[Records shown Boundary: Start]

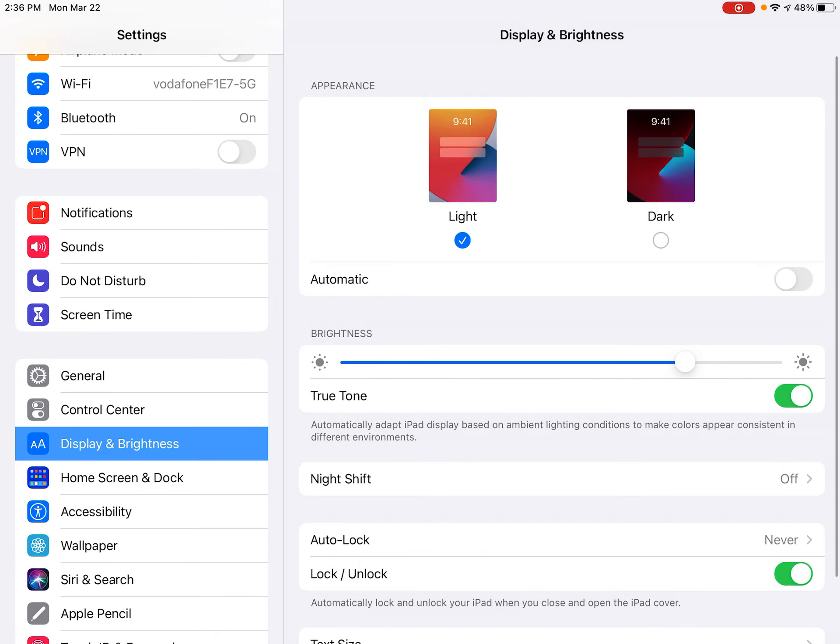So it will stay on, even if it hasn't been touched for 5-10 minutes. And that is how you can change your auto lock.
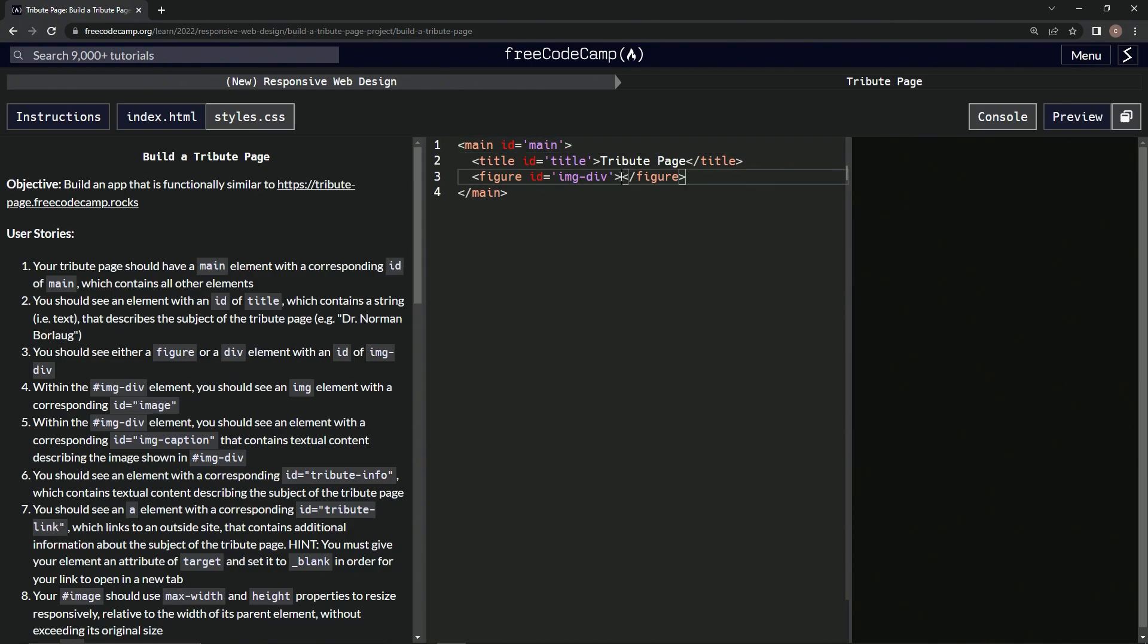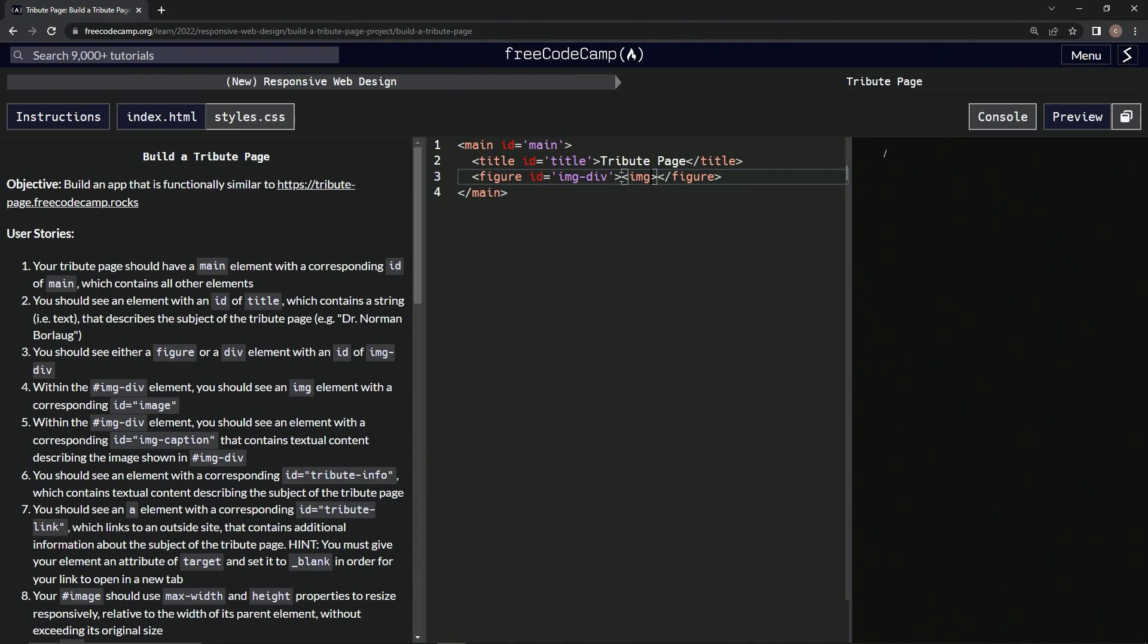So within here we're going to do IMG. We can close it like this, and then we're going to have the ID equal image.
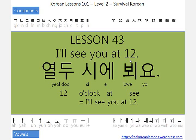7 o'clock 7시, 8 o'clock 8시, 9 o'clock 9시, 10 o'clock 10시, 11 o'clock 11시, 12 o'clock 12시. 12시에 봬요. I'll see you at 12.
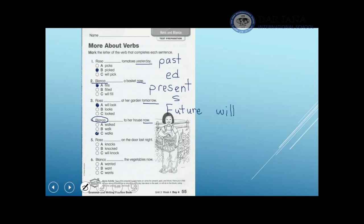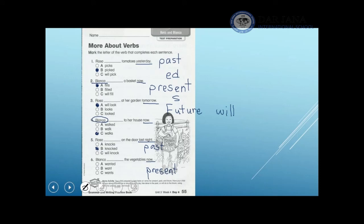Number five: Rosa knocked on the door last night. 'Last night' is a clue word that refers to the past. When I have an action that happened in the past, I add 'ed' to it, so I choose 'knocked.' Number six: Blanca wants the vegetables now. 'Now' refers to present tense, and since Blanca is one person doing the action, I add 's' to the verb — so I choose 'wants.'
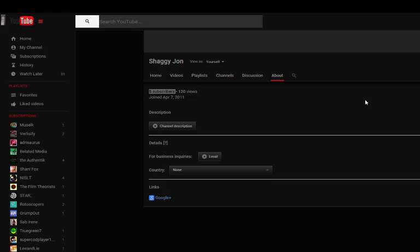And who knows? Maybe the channel will grow. Maybe we'll have six subscribers. Maybe we'll have seven. Maybe we'll have eight. Nine? Who even knows? Maybe we'll have ten. Only time will tell, though.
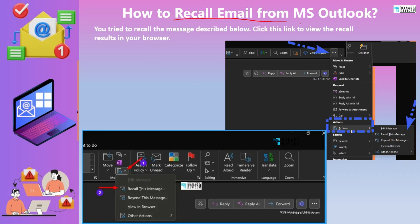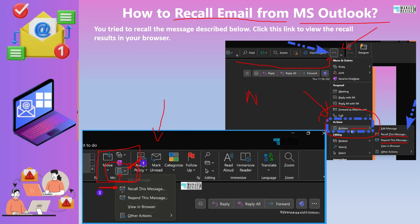There are different ways to recall depending on the version of Outlook you are using. In the latest versions of Outlook, open the mail you sent by mistake and go to the three dots. You will see an 'Actions' section — click on Actions and you will see options like 'Recall this message' and 'Resend this message.' In slightly older or managed versions of Outlook, the same options are accessible from a different section of the email.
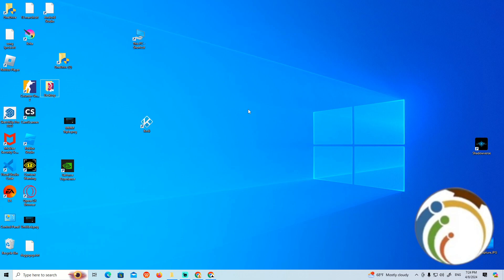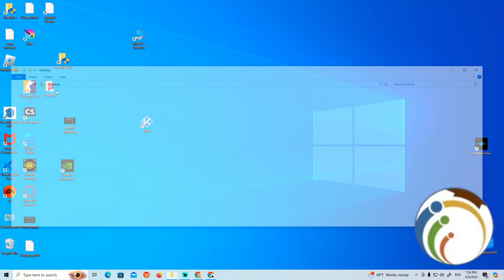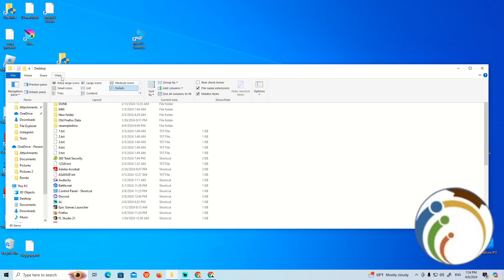All you need to do is go to the desktop, then navigate through to the View section. After going to the View section, you can navigate to the desired folder.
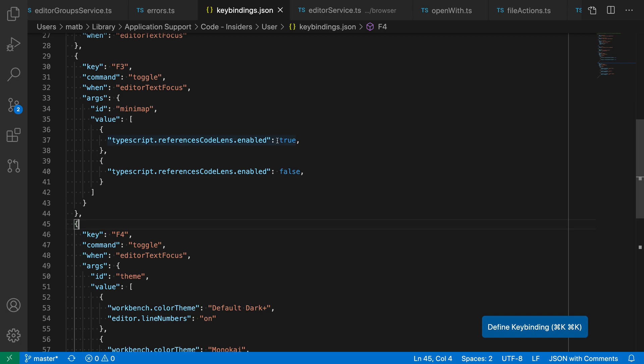There's a when clause that says when this command is going to be active. In this case, it's only going to be active when you are focused on text. The args here are the important part because that is defining the actual values that you toggle between. This is an array of settings with various states, and the value of these objects are VS Code setting values.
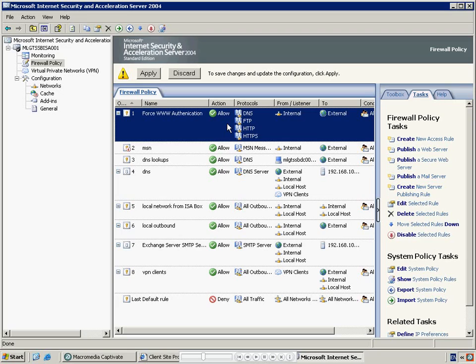Then press the Import button. Once the firewall policy has been imported, make sure that it is at the top of the list. If it is not at the top of the list, right-click the rule and select Move Up.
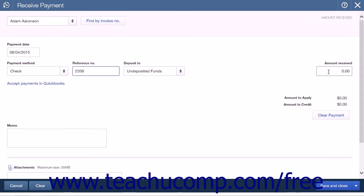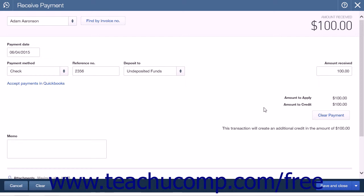Enter the amount of the down payment or prepayment into the amount received field. When you've completed your entries, click Save and Close to save your work and close the menu. Doing this will also create a customer credit, which you can apply to an invoice at a later point in time.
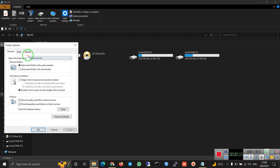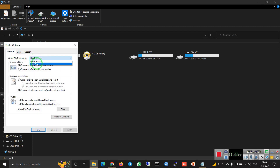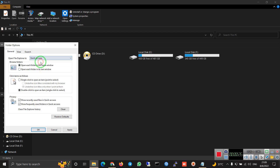Then, in the General Tab, we click on This PC, we click on Apply, then OK. And this is how you open Windows Explorer at This PC.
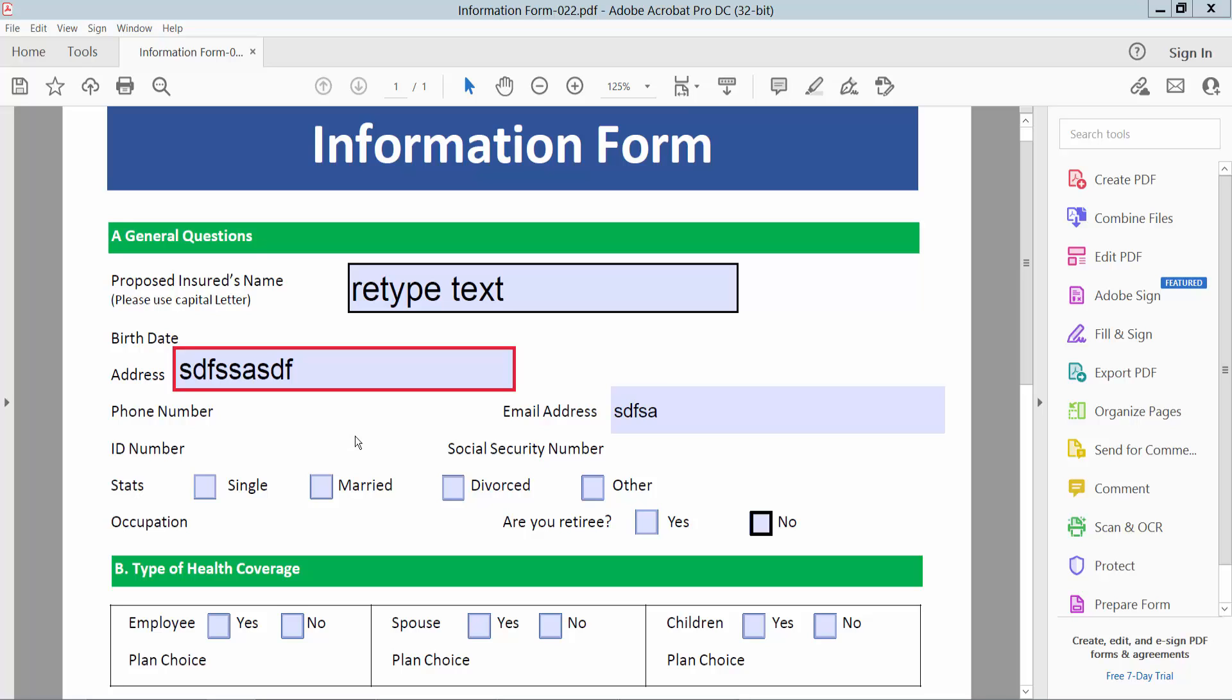Hello everyone, today I will show you how to unlock a fillable text field using Adobe Acrobat Pro DC. I will unlock this text field.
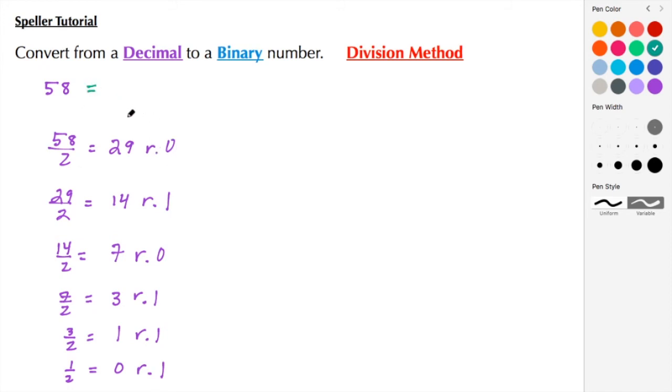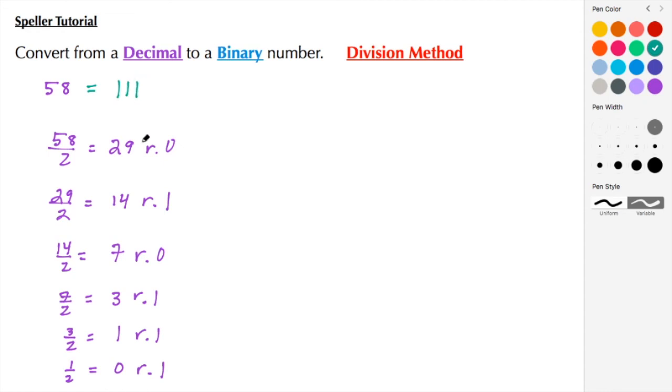The key is to start from the bottom up. Take the last problem you did and that becomes the first bit you place. So here we're going to place 1, 1, 1, then 0, then 1, then 0. So we see that 58 in its binary representation is 111010.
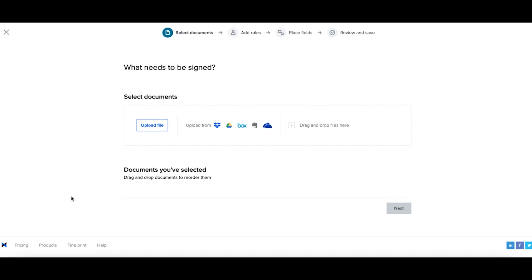For example, if you're renting out a space that has four bedrooms, you might need four different signers to sign the lease.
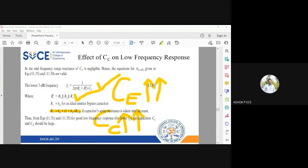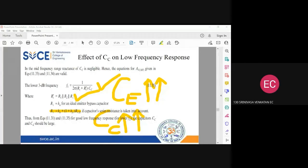Are there any queries on this topic? Are things clear? Yes sir, it's clear.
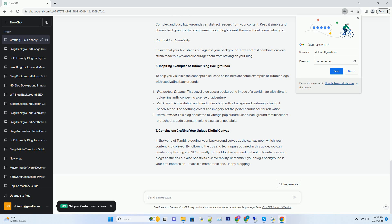The dos and don'ts of Tumblr background customization. While customization is key to making your Tumblr background unique, it's essential to avoid common pitfalls that could negatively impact user experience and SEO. Avoid overly busy backgrounds. Complex and busy backgrounds can distract readers from your content. Keep it simple and choose backgrounds that complement your blog's overall theme without overwhelming it.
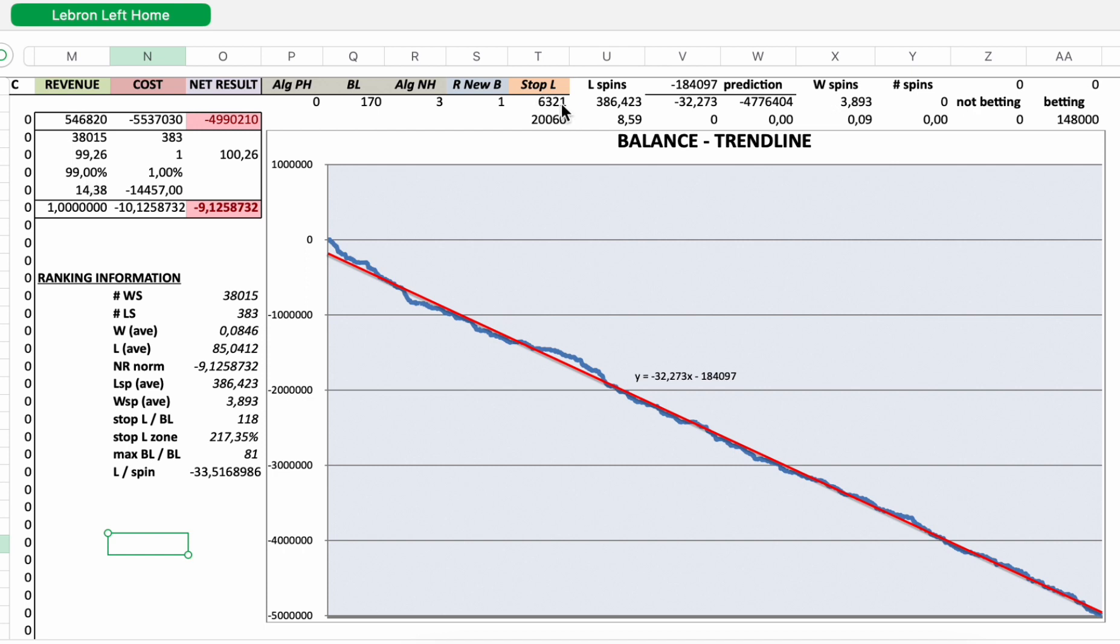Like this we can compare all the strategies Ceteris Paribus. So that's why the reference stop loss was or is 6,321. Maximum stop loss 20,060 euro.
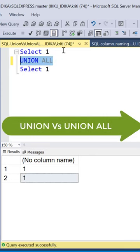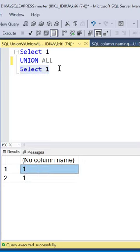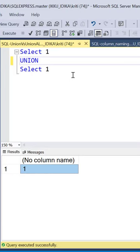A UNION ALL operation gives us the combined output of the two queries irrespective of repeating values. Whereas a UNION operation gives us only the distinct values in the output. So a UNION operation is more performance intensive because it needs to perform an additional distinct scan on the data.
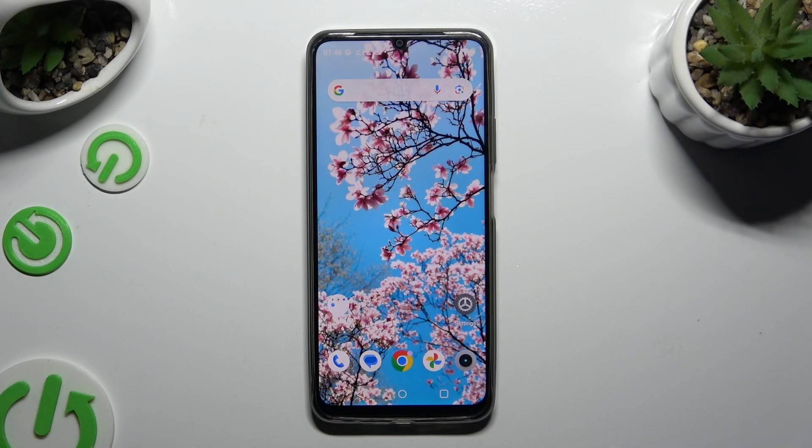In front of me is the Realme Note 50, and today I would like to show you how you can open apps in split screen view.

[Records shown Boundary: End]

— Task item —
Copy word for word the lines of the records above from the one with "The key is to" up to and including the one with "Are there any". Skip the pictures.

— Task answer —
The key is to start from the bottom up. Take the last problem you did and that becomes the first bit you place. So here we're going to place 1, 1, 1, then 0, then 1, then 0. So we see that 58 in its binary representation is 111010.
For example, if you're renting out a space that has four bedrooms, you might need four different signers to sign the lease.
Are there any queries on this topic? Are things clear? Yes sir, it's clear.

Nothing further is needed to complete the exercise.